韓国の介護士は요양보호사(療養保護士)と呼ばれ、主に50~60代の女性がその仕事を担うことが多いです。

私は30代ですが、職場ではダントツの若さです。
臭い、汚い、きつい等の理由で、韓国の若者は介護士をやりたがりません。
しかし私は前職が日本の看護師でこれらの仕事を20代のころからやっていました。
だから偏見なく普通に仕事をできます。
韓国の職場では「きついでしょう?続けられそう?」と聞かれますが、正直、日本の看護師の方が精神的にも肉体的にもきつかった…。
韓国の労働者はいい意味で滅私奉公を良しとしないので、サービス残業ゼロ!!
(10分前に職場到着して、終業5分前に着替えて、定時ダッシュしてます。
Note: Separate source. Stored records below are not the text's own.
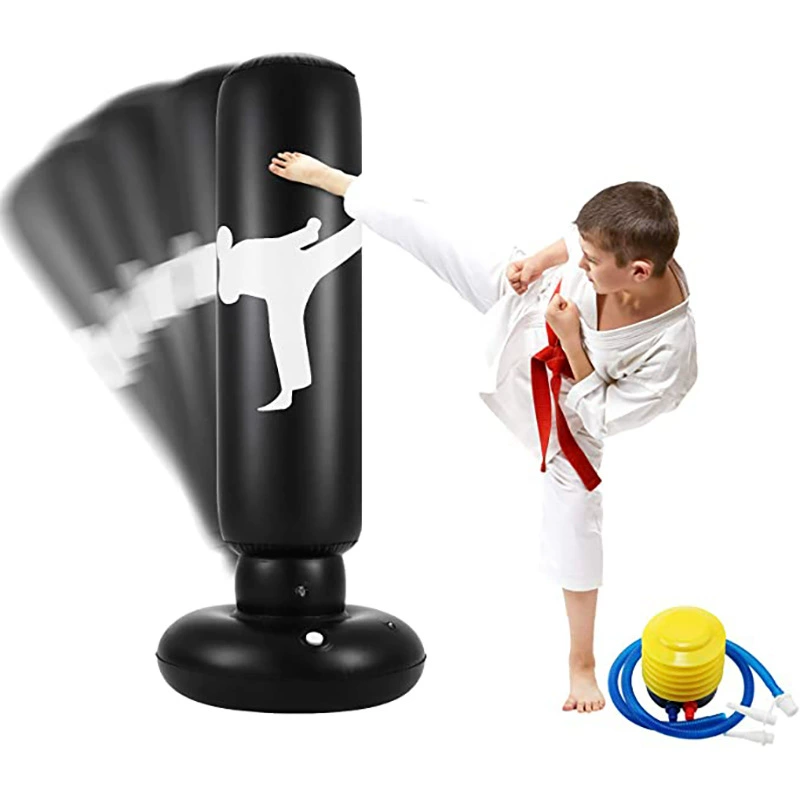 Новый кожаный узор надувная боксерская колонна стакан детская боксерская колонна игрушка боксерская колонна вентиляционное отверстие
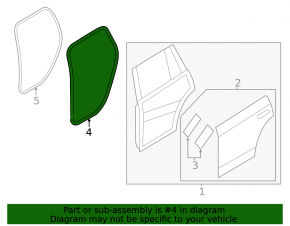 Door seal rear left Volvo XC90 16-23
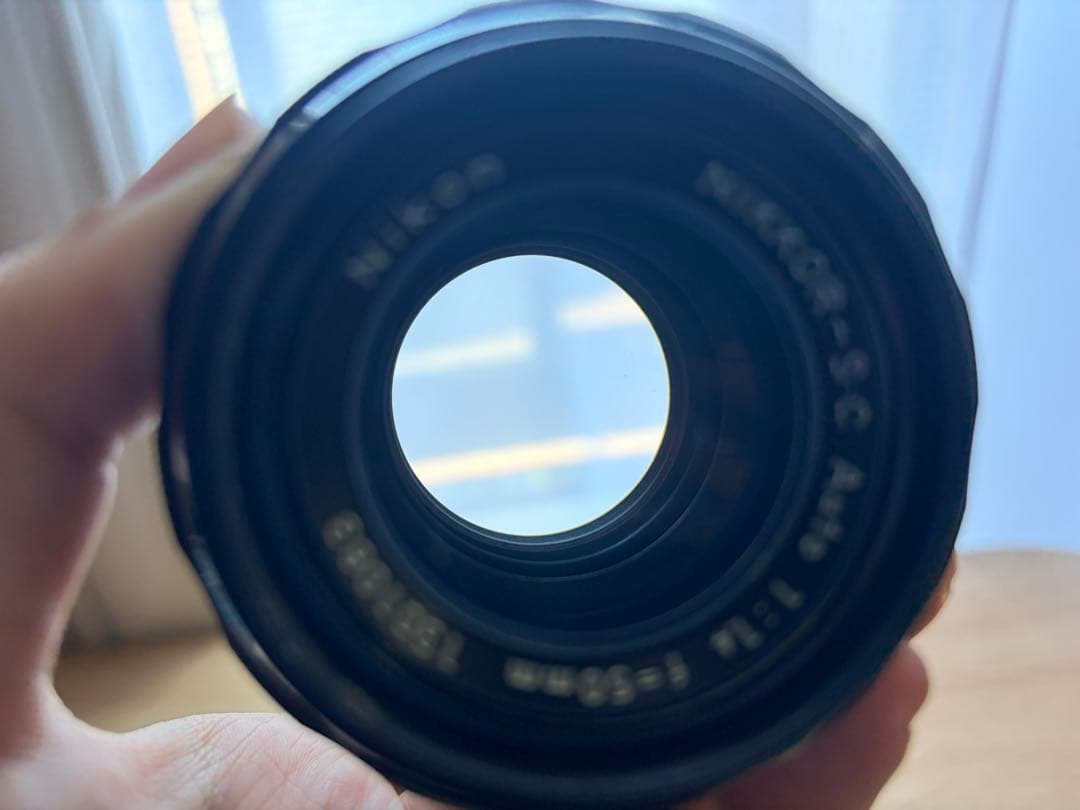 NIKKOR-S.C Auto 50mm f/1.4レンズ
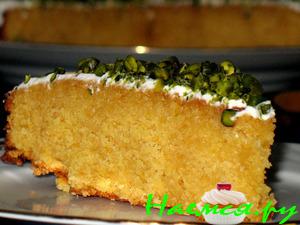 Абрикосовый пирог с фисташками (Keik me eginis kai verikoko)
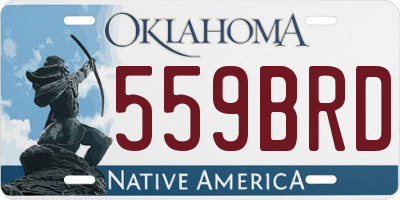 OK license plate 559BRD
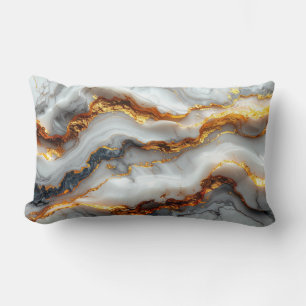 Coussin Rectangle Luxury Gold Vein Marble Pillow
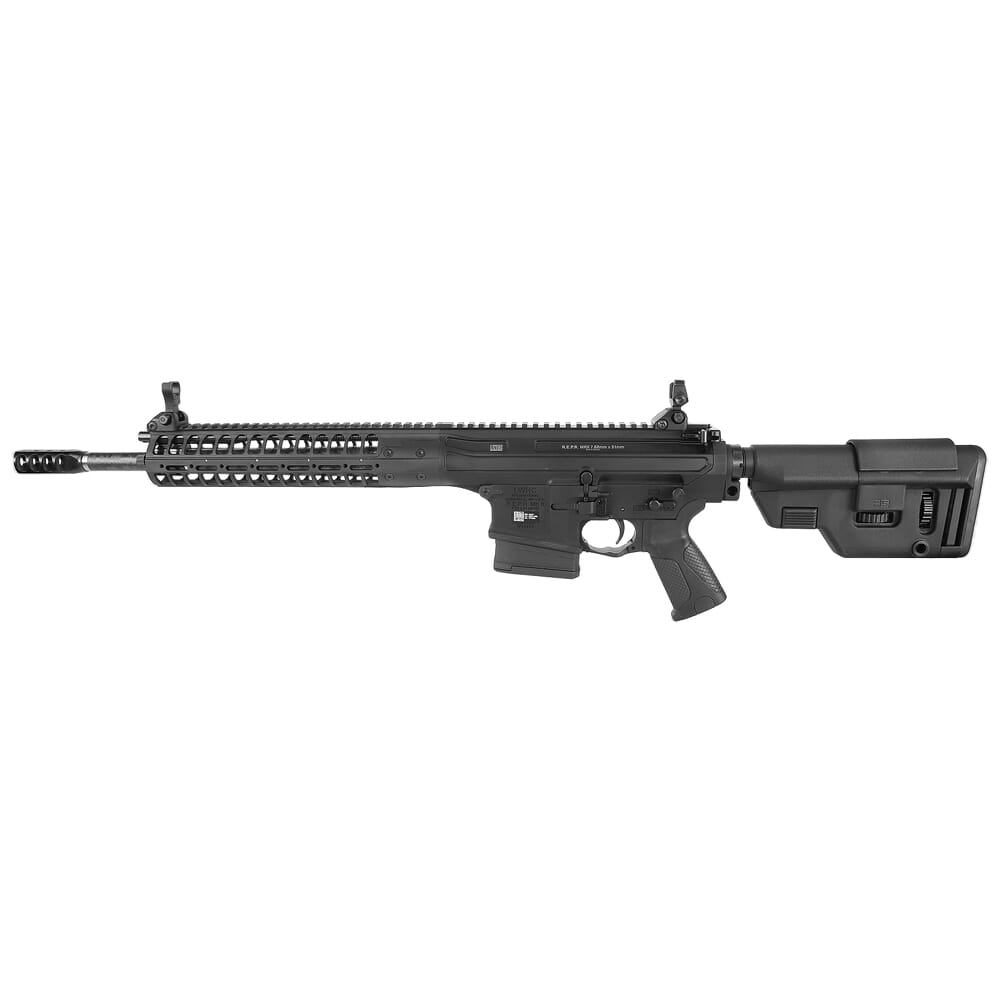 LWRC REPR MKII 7.62mm NATO 16.1" 5/8x24 1:10" Proof Bbl Black CA Compliant Rifle REPRMKIIR7BPR16CAC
最高!!)
就業中も暇な時間は同僚とおやつたべたり、携帯見たりできます。
働くときは、まじめに働き、休むときはだらっと休む。

私は日本より韓国の職場の方があっていると感じる。
韓国の介護士の資格を取る方法
韓国で介護士として働くには요양보호사 という国家資格を取得しなければなりません。
学歴不問で受験はできますが、外国人であれば訪問就職(H-2)/永住(F-5)/在外同胞(F-4)/結婚移民(F-6)のビザを持っていなければなりません。

私は結婚移民(F-6ビザ)です。
資格自体は比較的短時間に簡単にとれます。
私は2022年夏ころ、週5毎日8時間授業を1か月半(240時間)受けて資格を取得しました。
授業の内訳は、座学 80時間、実技 80時間、実習 80時間 です。

ちなみに、この240時間の授業は近年中に320時間になるという噂があります。
学費はだいたい6万円です。学校によって若干差があります。
私は韓国政府の支援を受けたので学費がタダになりました。
学費がタダになるかも?わたしが利用した就職支援制度について書いた記事です

授業をすべて受講したら、学校がまとめて試験に申し込みしてくれます。
試験は4択の80問で6割以上の得点をとれば合格。
この試験の合格率は90%です。
韓国語が苦手な方も、過去問をやりこめば一発合格できる試験です。
授業は座学が中心で、コロナ禍で実習もすべてビデオ学習になりました。
介護って座学より実習や実技の学びの方が役に立ちますが、学校ではそれは全然学べなかったと思います。
老人ホームに就職して2か月。
日本で看護師をしていた経験を基に仕事してます。

前職の経験があるから初月から戸惑うことなく職場の即戦力になれました
前職が看護師や介護士の方は、韓国の老人ホームで働くことはお勧めできます。
そうでない方は、はじめは戸惑うと思いますが、韓国の世話好きな介護士の先輩が教えてくれると思いますよ。
こうして資格を取得したら、次は求職です。
求職の方法
求職は国民就職支援制度を利用している方は 韓国の雇用労働部が運営している就職サイトwork net を利用するか、お近くの雇用センターに出向いて紹介してもらうといいでしょう。

私はwork net で仕事探しました。
その他にも一般の求職サイトでもキーワード「요양보호사」+地域で検索すると近所の求人がヒットすると思います。
施設の場合は2交代、3交代勤務で1日8時間勤務が多いです。
私は子どもが小さいので日勤専属の職場で働いてます。

施設で働く場合、手取りは18~23万程度だと思います。夜勤をすれば大目にもらえます。
訪問介護は、近所の対象者の家を訪問して、3時間程度、介護計画に沿った援助を行います。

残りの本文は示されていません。